Schlussfolgerungen: Über ein Viertel aller in einer Partnerschaft lebenden krebsüberlebenden Frauen war in dieser Untersuchung sexuell inaktiv. Das ist deutlich mehr als in altersgematchten Vergleichsgruppen, bei denen Werte von 13 bis 17% erzielt werden.
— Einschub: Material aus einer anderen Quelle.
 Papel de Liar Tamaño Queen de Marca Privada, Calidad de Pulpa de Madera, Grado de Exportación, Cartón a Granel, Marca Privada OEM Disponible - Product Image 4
Die sexuell inaktiven Frauen waren eher unzufrieden mit ihrem Sexualleben, fühlten sich sexuell weniger attraktiv und waren eher besorgt bezüglich ihres Erscheinungsbildes. Die Gründe für die sexuelle Inaktivität waren multifaktoriell und komplex, dabei ist es interessant, festzustellen, dass das Vorkommen von vaginaler Trockenheit und Dyspareunie in beiden Gruppen gleich war. Die Autoren schließen daraus, dass Interventionen, die die sexuelle Inaktivität beeinflussen sollen, nicht auf die Behandlung dieser körperlichen Symptome limitiert werden sollten, sondern letztlich deutlich komplexere Behandlungsansätze erfordern.

Aus meiner Sicht sind hier psychosomatische Interventionen ein möglicher Ansatz. Voraussetzung ist, dass die sexuelle Aktivität überhaupt Thema des Arzt-Patientinnen-Gesprächs im Rahmen der regelmäßigen Nachsorgeuntersuchungen ist und aktiv erfragt wird.